TASK TO COMPLETE :: Set the listing down again in full, word for word, with the pictures left out.

SUPPLIED ENTRIES ::

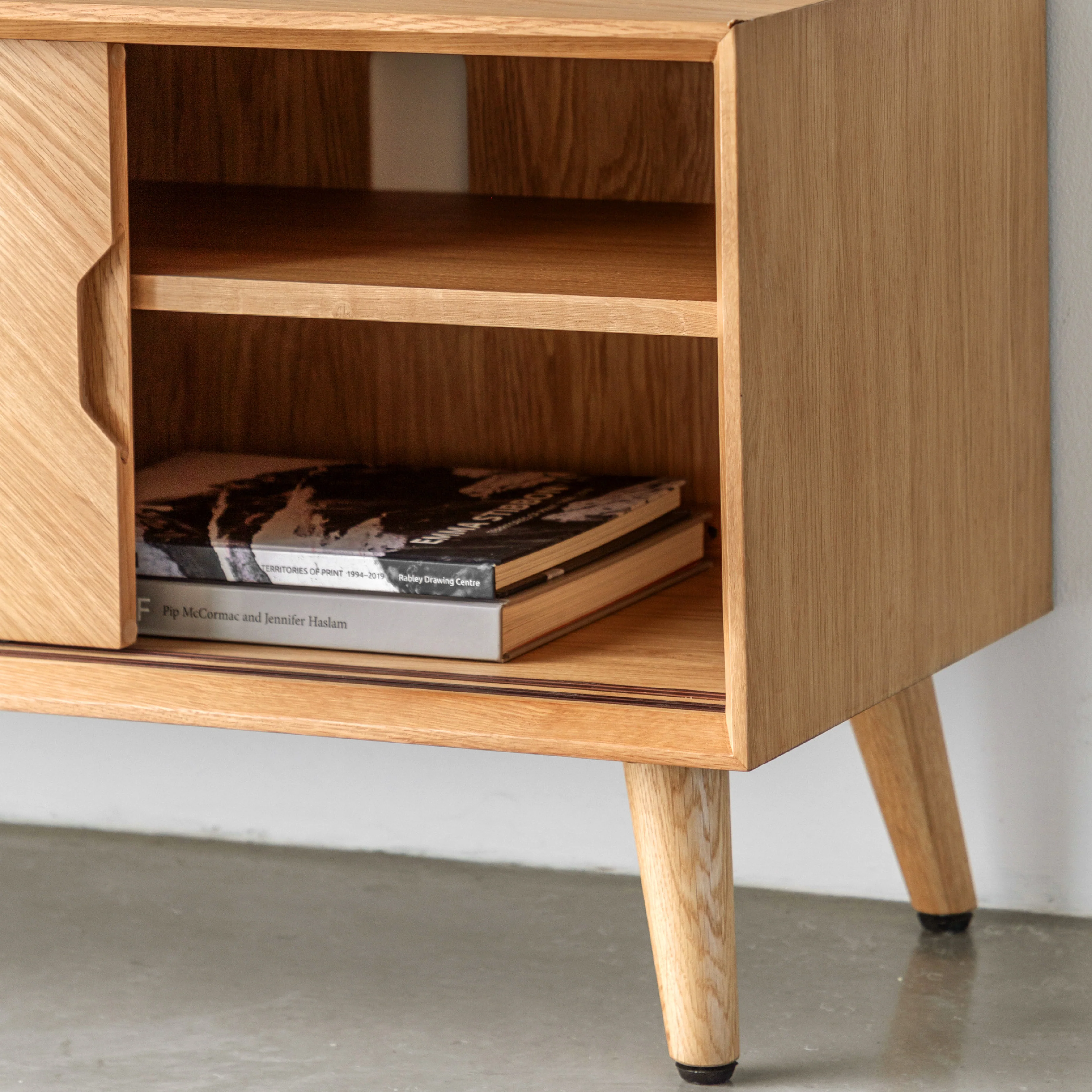 Milano Chevron Media Unit | Oak - Image 5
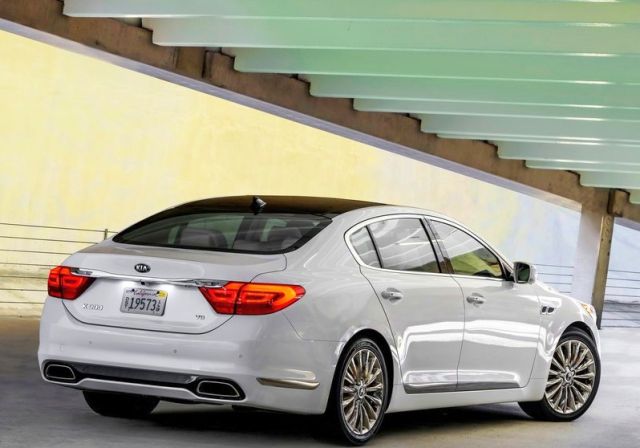 Kia K900 arka görünümü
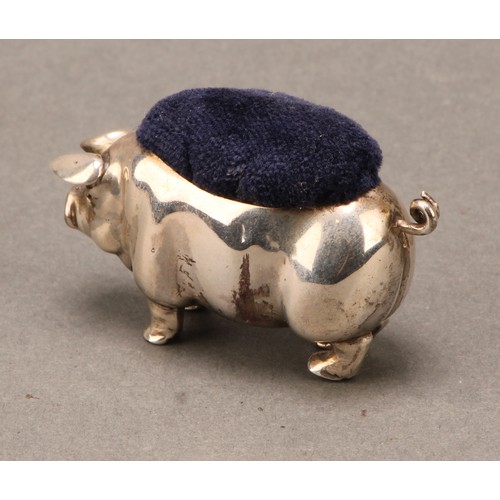 469 - An Edwardia silver novelty pin cushion, as a pig, 6cm long, Levi & Salaman, Birmingham 1902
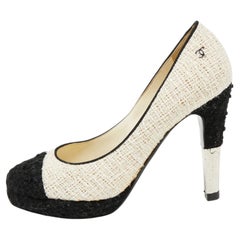 Chanel Ivory/Black Tweed Cap-Toe Pumps Size 38.5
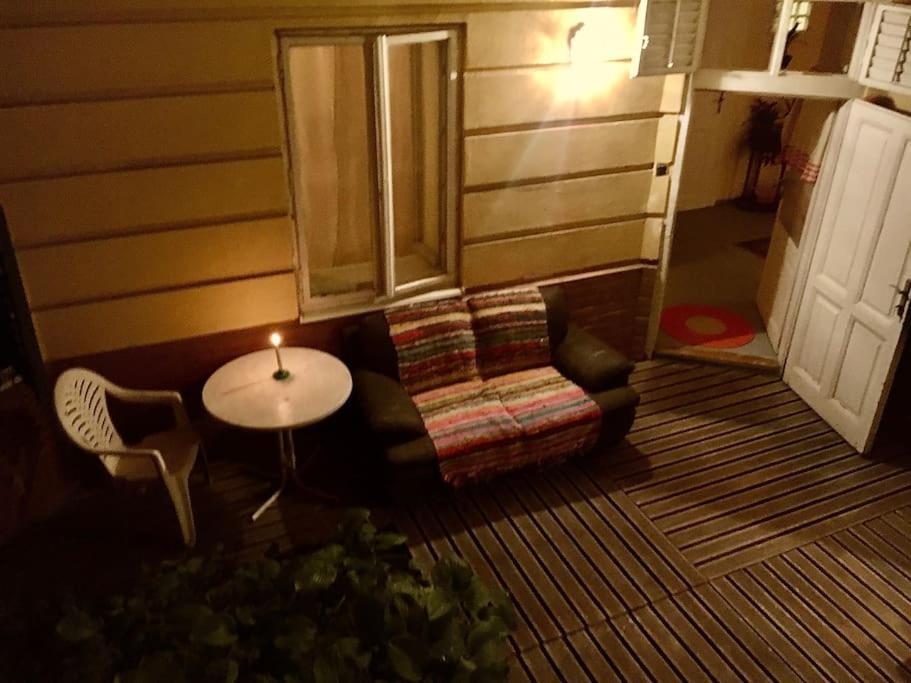 Vintage Studio Apartment, Garden And Free Parking Budapeszt Zewnętrze zdjęcie
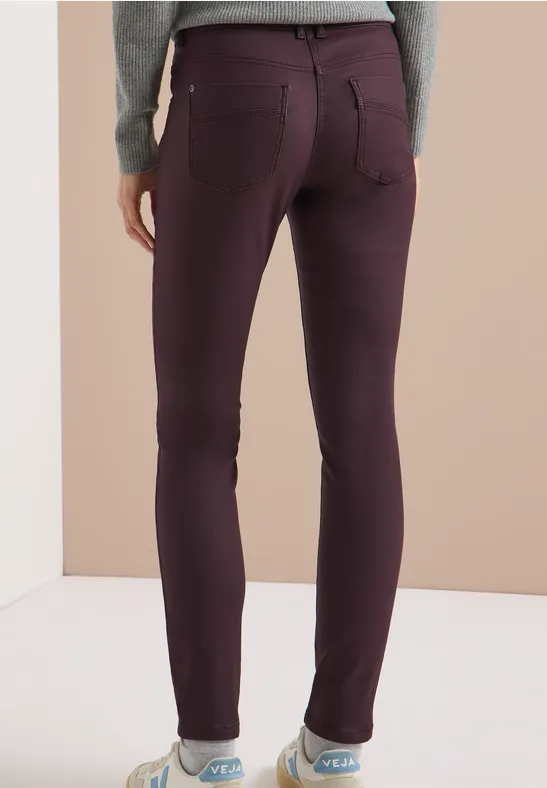 Beschichtete Slim Fit Hose in Lederoptik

SOLUTION FOR THIS EXERCISE ::
 Milano Chevron Media Unit | Oak - Image 5
 Kia K900 arka görünümü
 469 - An Edwardia silver novelty pin cushion, as a pig, 6cm long, Levi & Salaman, Birmingham 1902
 Chanel Ivory/Black Tweed Cap-Toe Pumps Size 38.5
 Vintage Studio Apartment, Garden And Free Parking Budapeszt Zewnętrze zdjęcie
 Beschichtete Slim Fit Hose in Lederoptik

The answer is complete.